It’s a little disturbing to think that your smart phone is secretly tracking your whereabouts and hiding the information in some discrete place only a computer scientist can find. That appears to be what the iPhone is doing. According to the Wall Street Journal, even turning off the tracking features of an iPhone does not work:
The Journal disabled location services (which are on by default) and immediately recorded the data that had initially been gathered by the phone. The Journal then carried the phone to new locations and observed the data. Over the span of several hours as the phone was moved, it continued to collect location data from new places.
These data included coordinates and time stamps; however, the coordinates were not from the exact locations that the phone traveled, and some of them were several miles away. The phone also didn’t indicate how much time was spent in a given location.
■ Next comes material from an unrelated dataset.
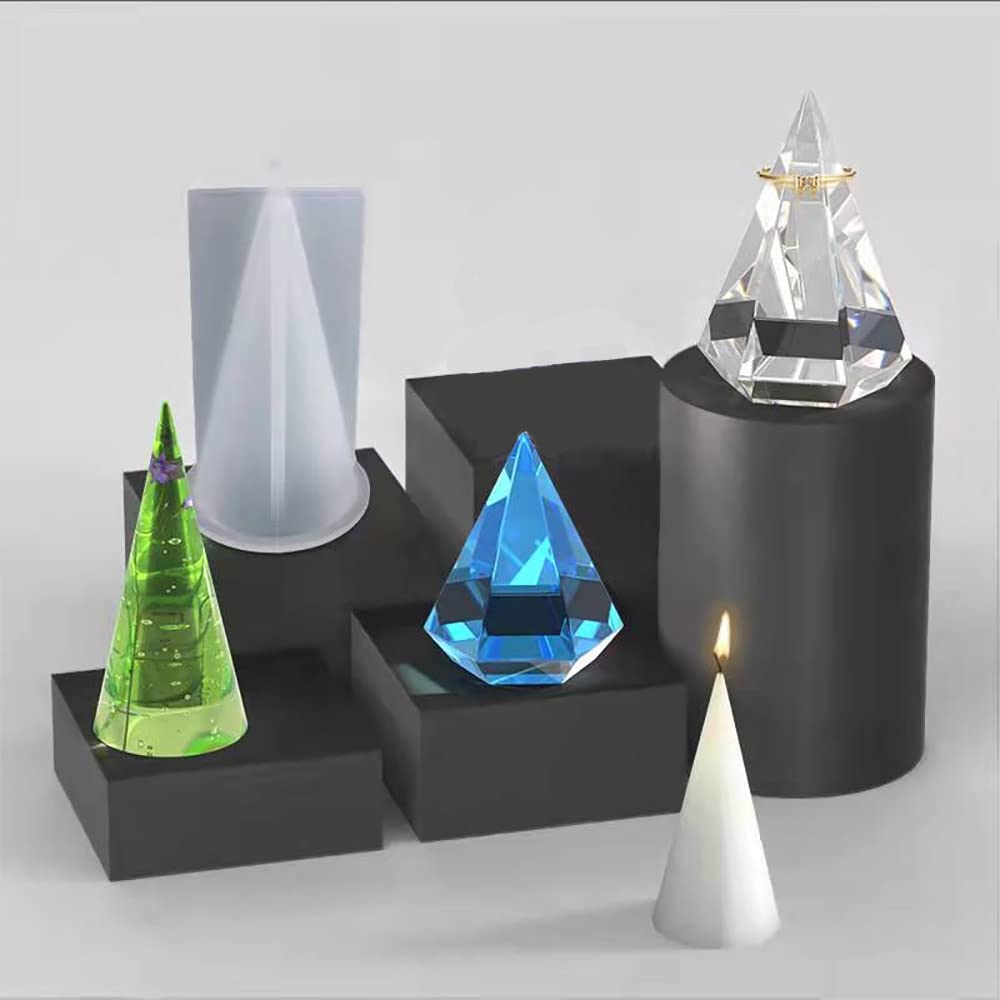4 Pcs Silicone Ring Cone Resin Molds for DIY Jewelry Making - Ring Holder Pyramid Molds for Resin Casting, Wedding Decor, Jewelry Display Stand - Perfect for Crafting, Gift Making & Home Decoration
Other technology watchers on blogs and message boards online have recorded similar findings.
What are the repercussions of this type of data? Lawyers are historians of sort, in that they are constantly trying to determine the facts leading up to certain key events. Inevitably, there are facts that are disputed and there is contradicting testimony. So, we then look to objective evidence of what actually occurred – calendars, emails, etc. What better evidence then a phone that has documented where a person has been?
Though it may not be entirely accurate (as described above) it could certainly provide some evidence and help to reconstruct the time line of events. It will be interesting to see how Apple handles this issue and I wouldn’t be surprised if other devices were doing the same thing. Nevertheless, get ready for discovery requests that seek that secret file buried in the iPhone that locks down your movements. Is Big Brother watching you?